Pour commencer, le premier cours de yoga. La rencontre, intransigeante, avec mon corps… Et d’une manière complètement nouvelle pour moi à l’époque : dans un climat d’écoute et de profonde bienveillance. Si simple et si… inaccessible parfois, tant je voudrais que les choses soient différentes dans ma façon de me tenir, de me sentir.

Cette rencontre avec soi, par le corps et la manière de s’entreprendre, a ouvert la voie à une sorte de déconditionnement progressif, comme une plongée dans un autre univers. Non pas parce que j’y découvre une réalité différente – il s’agit bien d’être pleinement présent à ce qui se vit ici et maintenant (c’est bien là toute la subtilité) – mais parce que m’est proposé un véritable changement de paradigme dans la manière de me percevoir et d’agir… un changement qui ouvre sur de nouveaux possibles.

  • Changer de cap, se tourner vers l’intérieur, s’ouvrir à ce qui surgit des profondeurs, la référence n’est plus à rechercher à l’extérieur mais en moi : passage des références externes absolues à des références internes, forcément relatives.
  • Changer de stratégie, ne plus se conformer à ce qui est attendu mais s’ajuster à ce qui est ressenti, écouter mon corps, sa sagesse préalable…

Lors d’une séance où s’alternent et s’entremêlent « faire » et « non-faire », souffle et posture, le corps me guide et m’informe. Je l’invite à jouer le jeu, sans jamais le brusquer mais sans pour autant renoncer à la qualité. Ni trop, ni pas assez. J’écoute les signaux, ma perception s’affine. Je perçois plus subtilement les seuils de tolérance, à chaque fois différents. J’apprends à m’ajuster, à lâcher l’effort inutile, à faire bon ménage avec mes pensées, avec mes tensions et contractions du moment, ouvrant ainsi la voie à une posture stable et agréable (la position devient naturelle), à un espace disponible et ouvert dans la détente.

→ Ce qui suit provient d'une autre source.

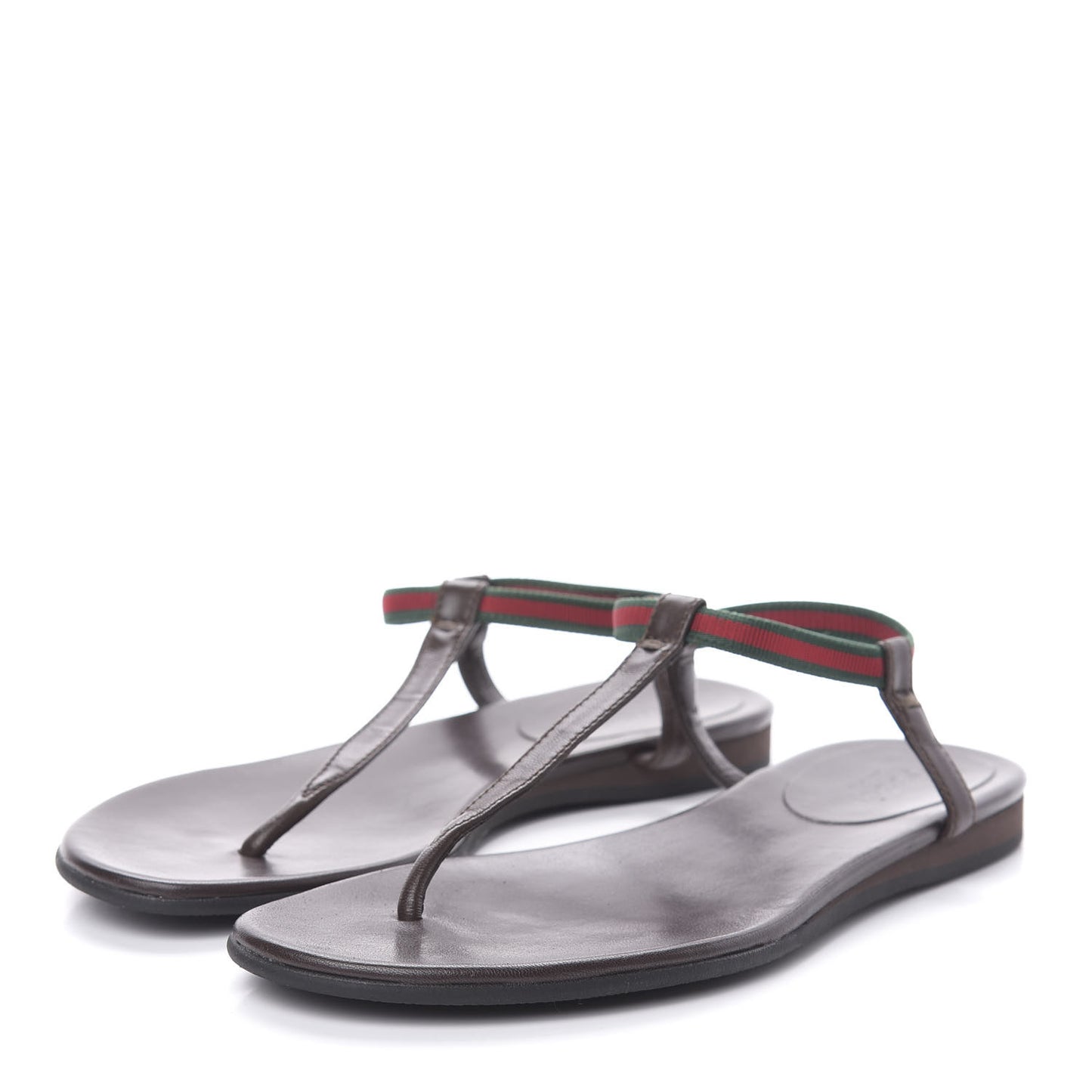 Calfskin Web Thong Sandals 35.5 Brown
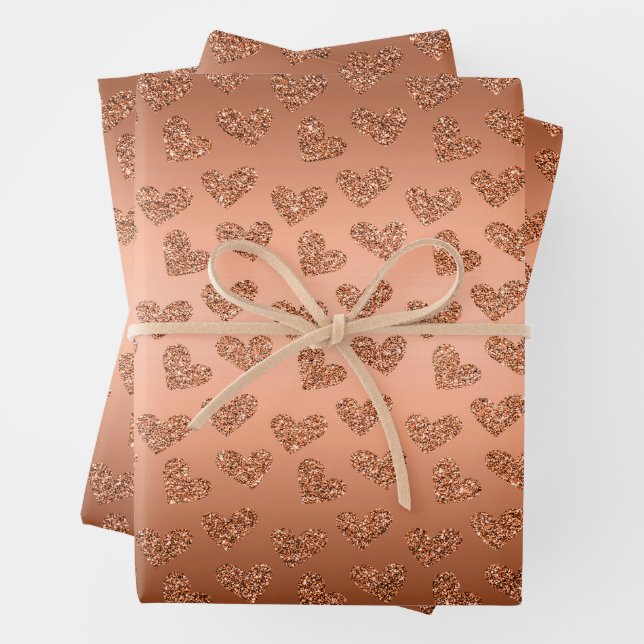 Copper Hearts Glitter Pattern  Wrapping Paper Sheets (In situ)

Ainsi, la conscience du ressenti, durant et après la posture me permet d’apprécier la relation à moi-même. Et c’est sûr, l’idée de performance, de perfection, la croyance qu’il faut souffrir pour bien faire, l’envie de plaire, etc… ne sont jamais loin. Alors je me donne un peu d’aisance à l’intérieur. J’accueille. Si je me vois à un moment croire une pensée, emprunter un rôle (« la bonne prof de yoga » par exemple 😉), si j’en « prends conscience », je n’en suis plus prisonnière. Je retrouve ma liberté, mon pouvoir… la détente.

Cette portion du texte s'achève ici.